* [What you are asked to do]
Shown below is a listing with pictures; reproduce exactly, and only, the lines between the ones containing "image:imageMakeMeChic Womens Sequin" and "Personalized Nurse Christmas", inclusive, leaving the pictures out.

* [Study material]
+===+

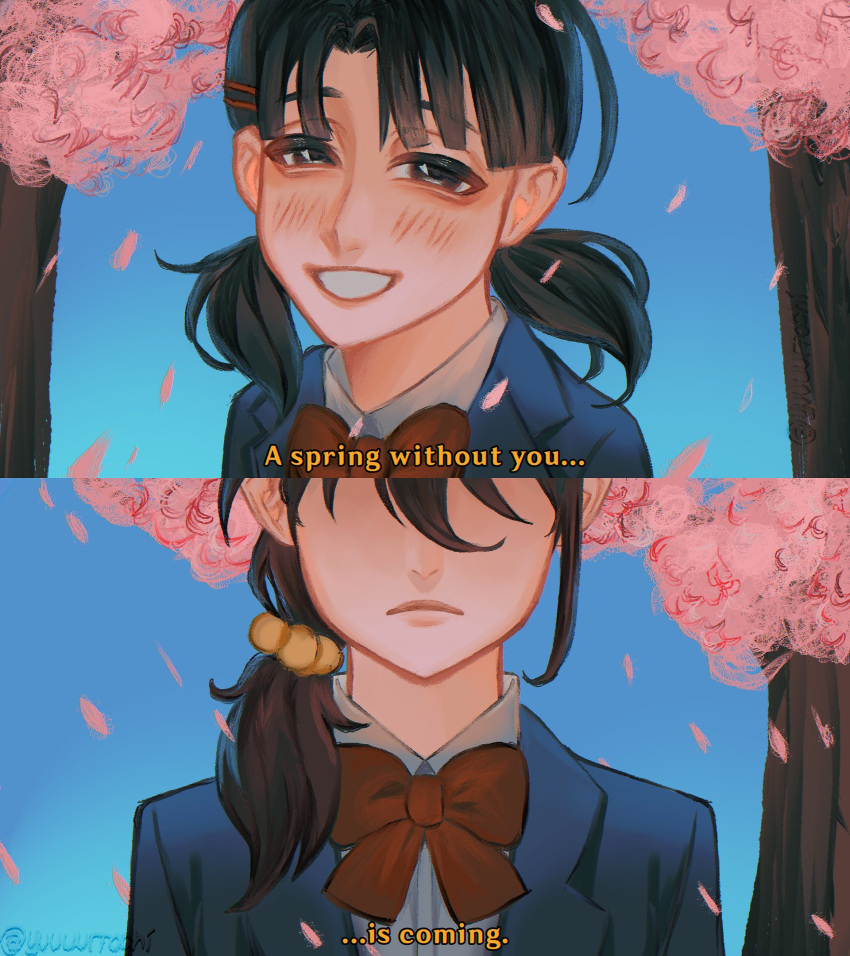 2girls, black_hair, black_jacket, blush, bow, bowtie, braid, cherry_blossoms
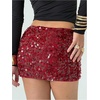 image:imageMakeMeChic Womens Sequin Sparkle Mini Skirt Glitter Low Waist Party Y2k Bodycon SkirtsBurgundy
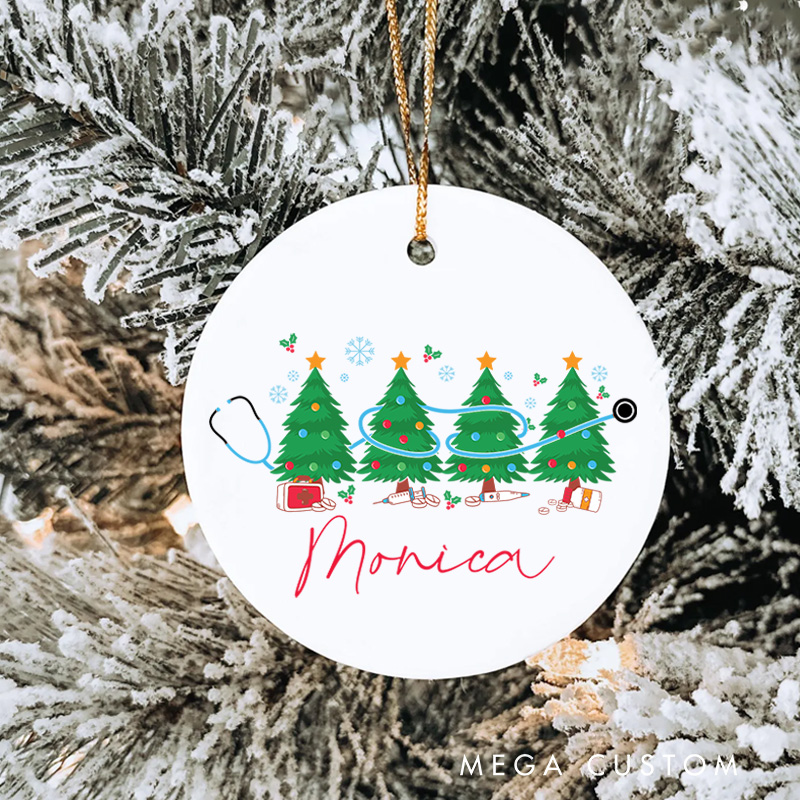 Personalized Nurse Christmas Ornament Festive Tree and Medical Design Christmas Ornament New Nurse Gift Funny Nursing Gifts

+===+

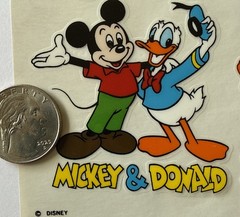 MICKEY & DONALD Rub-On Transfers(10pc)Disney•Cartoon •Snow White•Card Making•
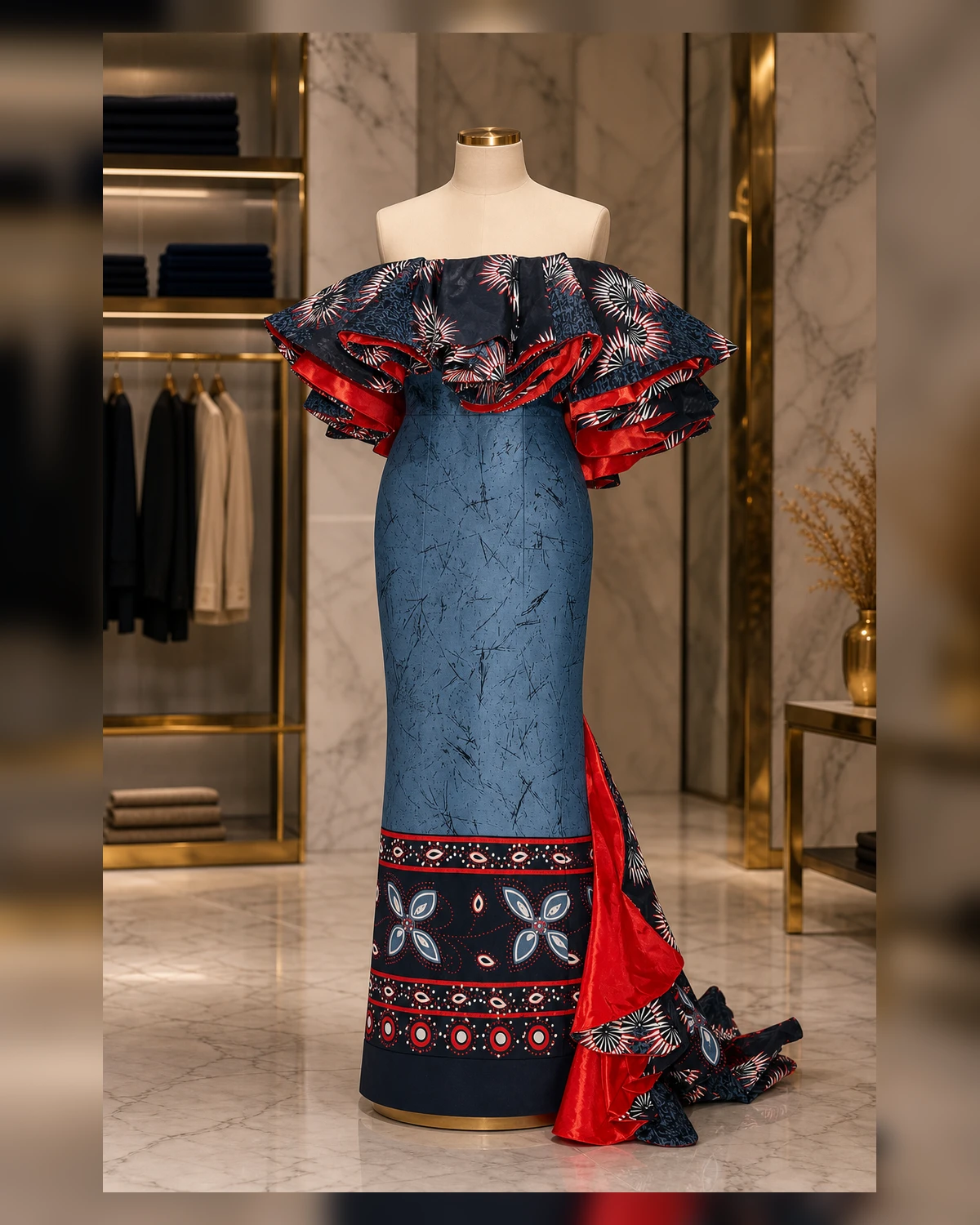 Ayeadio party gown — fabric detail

+===+

* [Response for this exercise]
 image:imageMakeMeChic Womens Sequin Sparkle Mini Skirt Glitter Low Waist Party Y2k Bodycon SkirtsBurgundy
 Personalized Nurse Christmas Ornament Festive Tree and Medical Design Christmas Ornament New Nurse Gift Funny Nursing Gifts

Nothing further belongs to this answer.